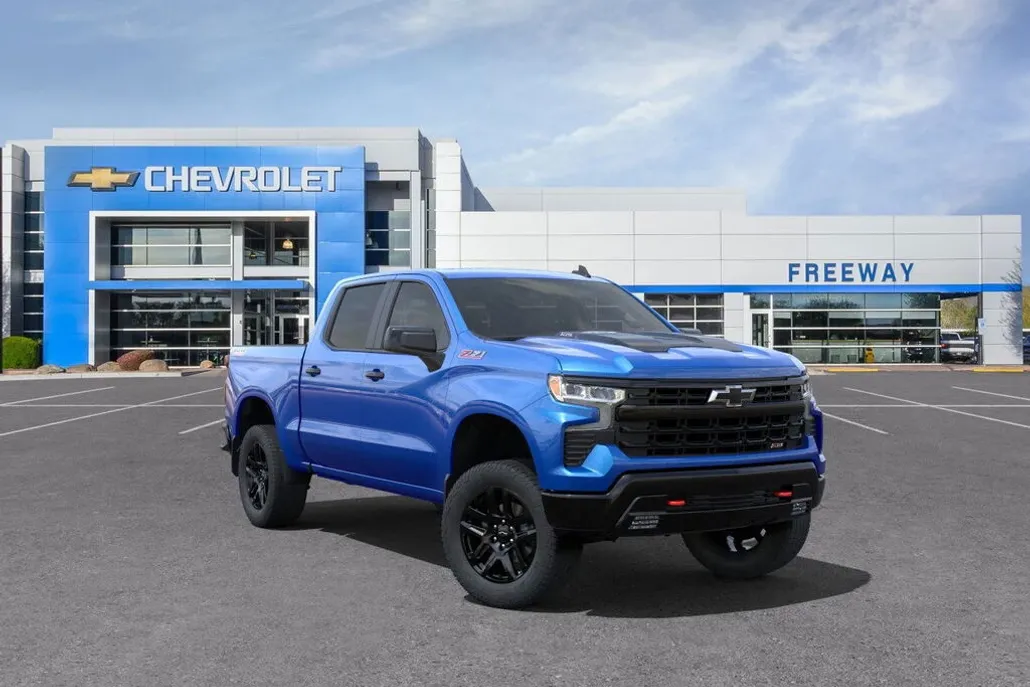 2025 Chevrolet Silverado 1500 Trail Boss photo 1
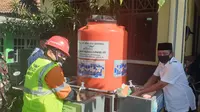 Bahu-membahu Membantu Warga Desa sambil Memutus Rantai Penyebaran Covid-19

--------

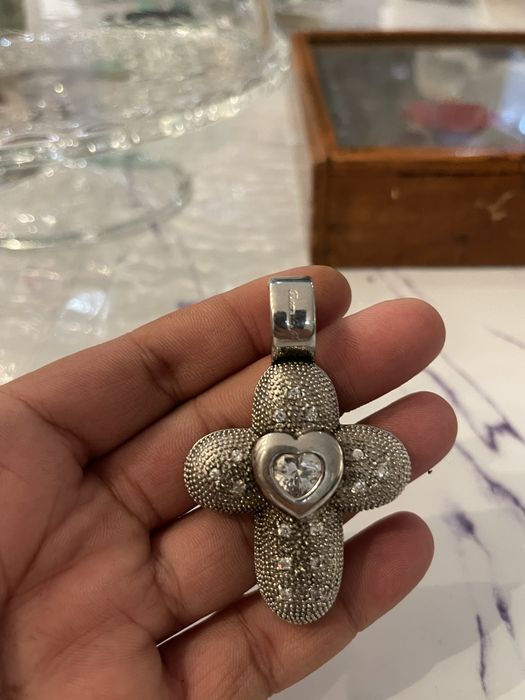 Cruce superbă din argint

--------

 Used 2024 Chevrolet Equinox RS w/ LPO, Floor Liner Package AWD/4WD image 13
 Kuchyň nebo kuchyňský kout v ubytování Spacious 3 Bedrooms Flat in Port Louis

--------

# [What you will do]
Starting at the line above that has "2025 Chevrolet Silverado" and ending at the line that has "Bahu-membahu Membantu Warga", copy each line exactly, leaving the pictures out and adding nothing.

# [Output of the task]
 2025 Chevrolet Silverado 1500 Trail Boss photo 1
 Bahu-membahu Membantu Warga Desa sambil Memutus Rantai Penyebaran Covid-19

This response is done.